In 2016 Victoria Council voted against the additional funding but VicPD went ahead with putting more cops into mental health services anyway, reconfiguring its existing budget to insert another officer in the ACT teams.
This year VicPD are trying again to get more money by re-packaging the same proposal, boosted by their new Mental Health Strategy. Chief Manak asserted that in the past 6 months the presence of the additional officer increased the capacity of ACT to take on more clients by protecting health workers during visits with the most “dangerous” of their clients. He claimed that without police present these clients would have no access to care. VicPD’s position is that police and health workers sharing essential information will get people help earlier, and Manak argued that police involvement in care could prevent criminalization, as though it were possible for police to be involved in a non-criminalizing way.

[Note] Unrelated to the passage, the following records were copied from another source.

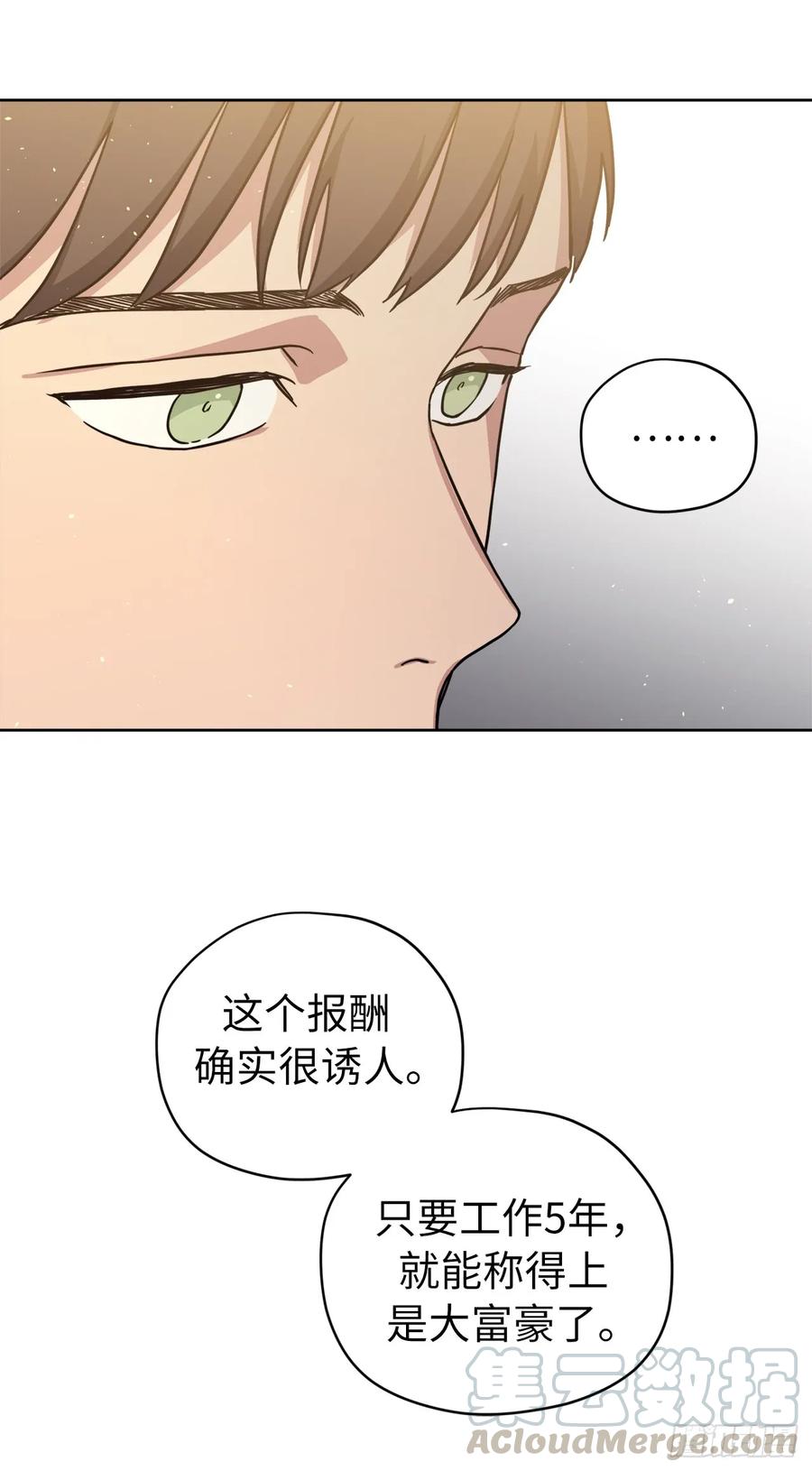 119.告白！24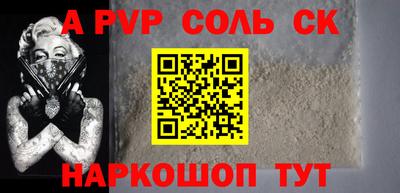 герыч Славянск-на-Кубани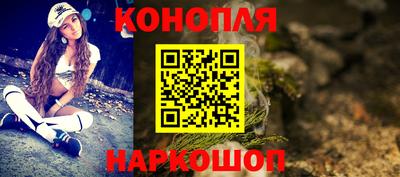 мяу мяу мука Краснодар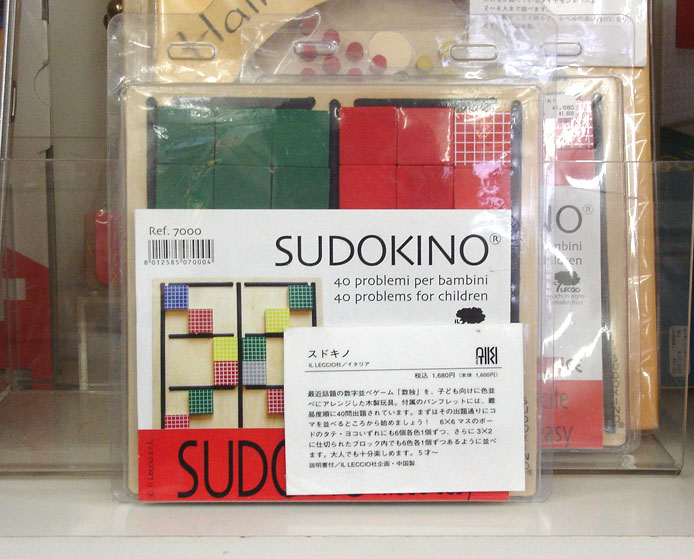 SUDOKINOパッケージ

The City Council debate, which did not include any opportunity for public comments, was illuminating. While some Councillors raised important critiques of the VicPD proposal, others used destructive stereotypes of deviant, dangerous, out-of-control, mentally ill people. These myths positioned police as the only ones capable of managing certain people. More important is what was missing from the conversation: there was no evaluation of the ACT teams from the perspective of clients and no report on the impact of police involvement on access to mental health services. VicPD’s report to Council treated police involvement in mental health services as natural and normal.
An ad hoc coalition is encouraging people to write letters and attend the Council meeting on the 26th to speak out against cops as mental health workers.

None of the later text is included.